Segment Open

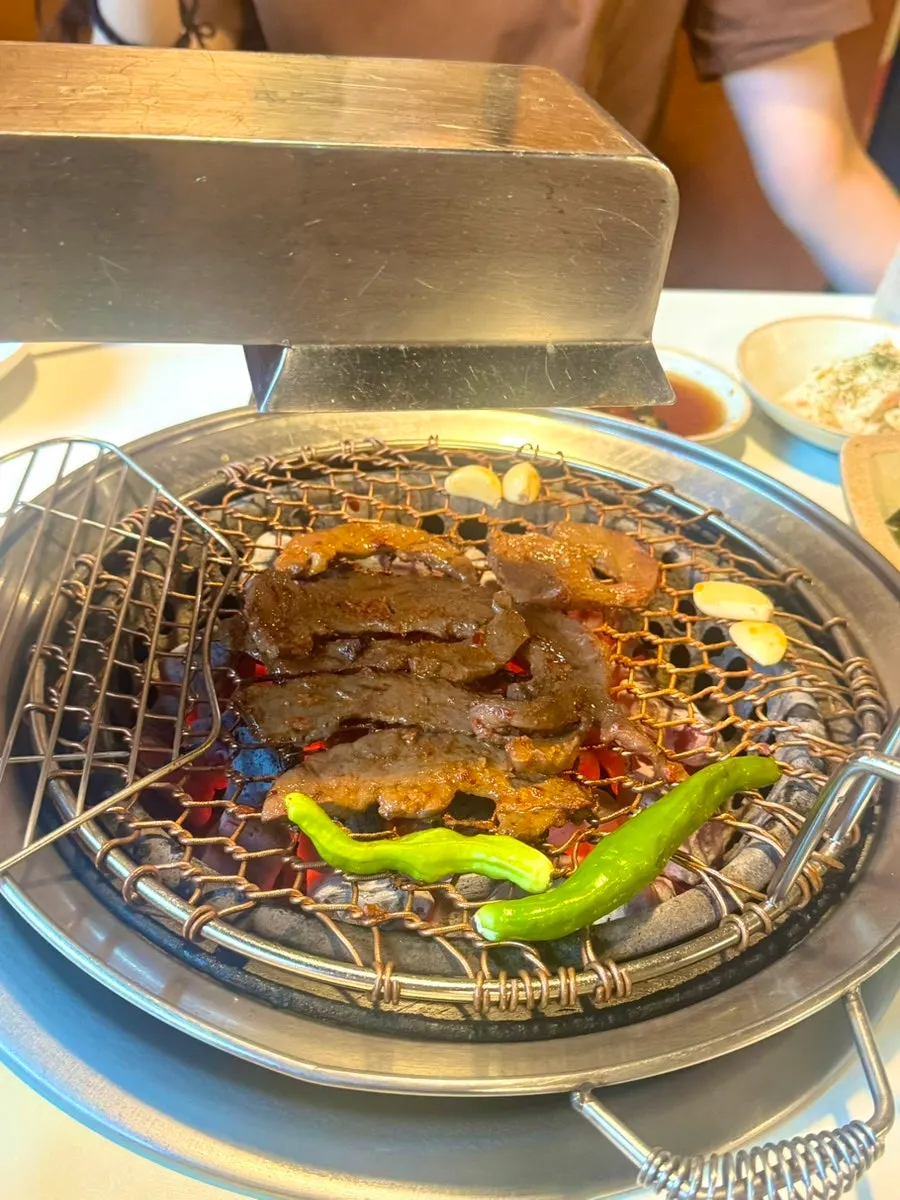 Heart placed on the charcoal grill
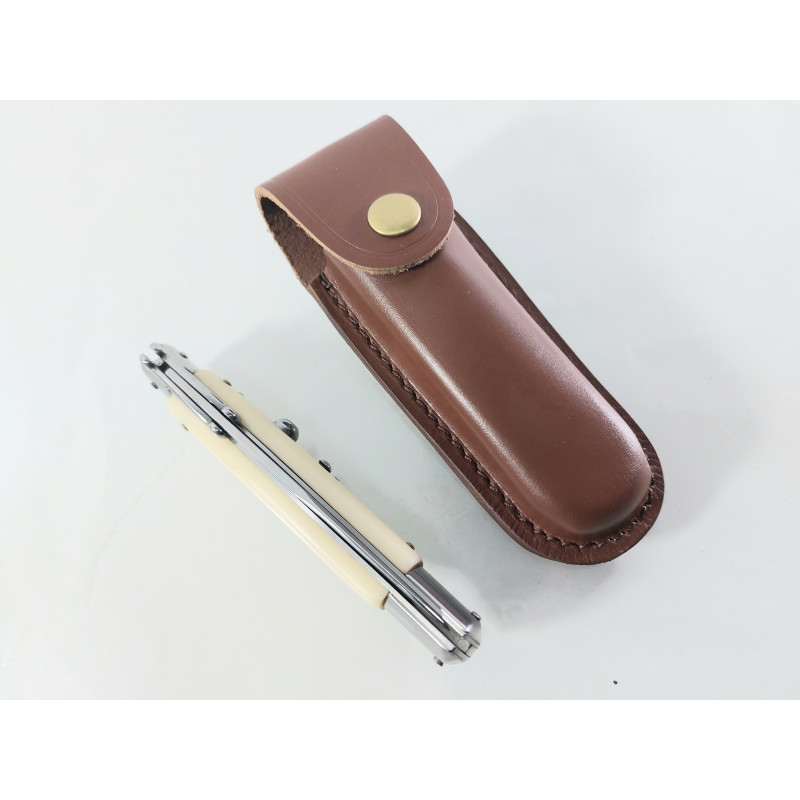 Автоматичен сгъваем джобен нож с кожен калъф АКC Italy ,чирени от бял кориан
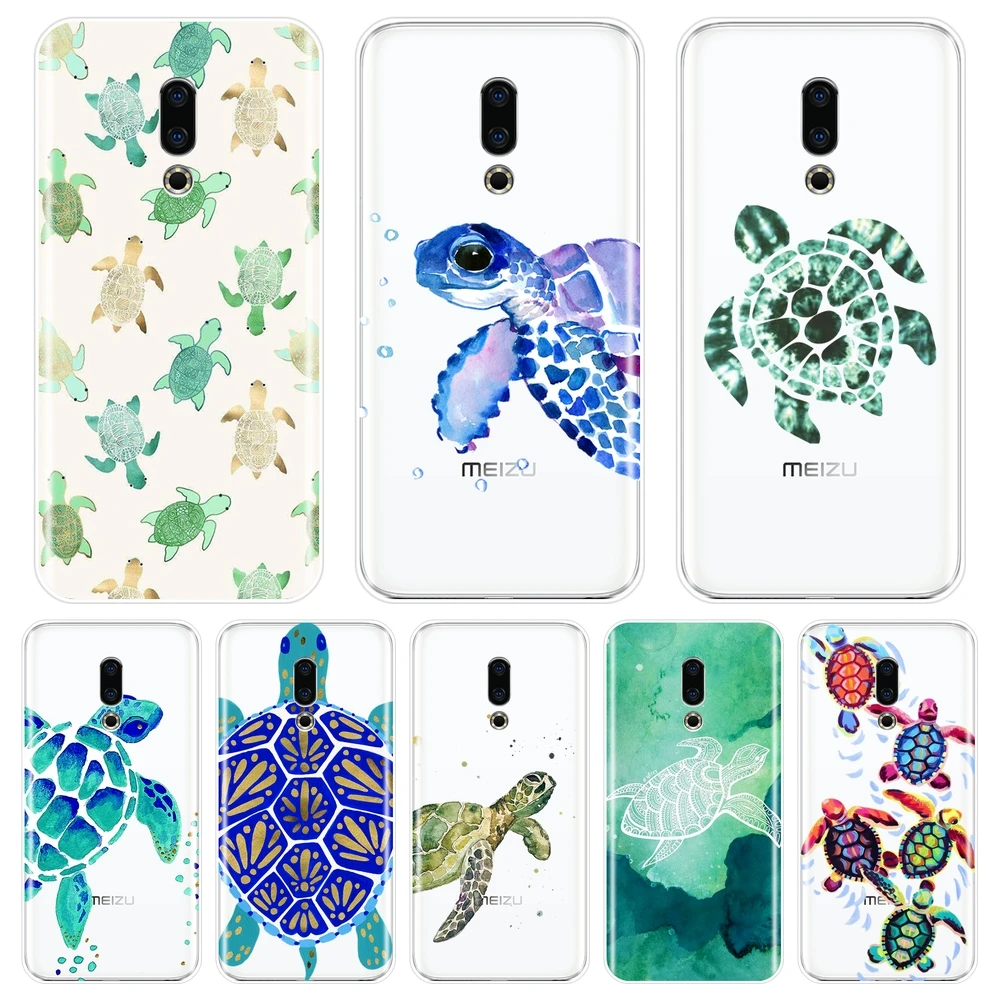 

Back Cover For Meizu 15 Lite 16 Plus 16th 16x Green Blue Turtle Animal Soft Silicone Phone Case For Meizu U10 U20 Pro 6 7 Plus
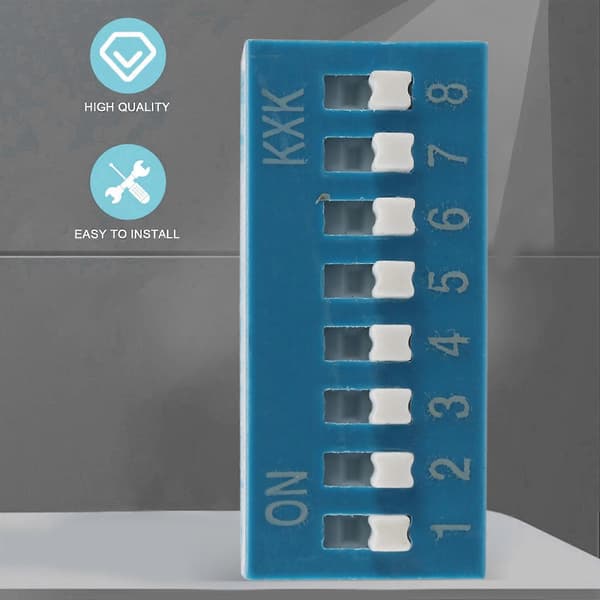 10 stk. 2,54 mm afstand 8 positioner 16 ben blå DIP-switch 8P
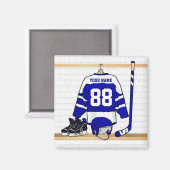 Persoonlijk blauw en wit ijs Hockey Jersey Magneet (Voorkant / Achterkant)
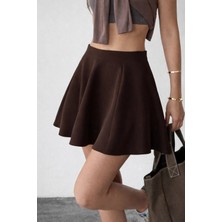 Hazel Kadın Kahverengi Kloş Mini Etek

Segment Closed

TASK PROMPT = Starting with the line containing "10 stk. 2,54" and ending with the last line of the records above, write out each line exactly; no pictures.

EXPECTED OUTPUT =
 10 stk. 2,54 mm afstand 8 positioner 16 ben blå DIP-switch 8P
 Persoonlijk blauw en wit ijs Hockey Jersey Magneet (Voorkant / Achterkant)
 Hazel Kadın Kahverengi Kloş Mini Etek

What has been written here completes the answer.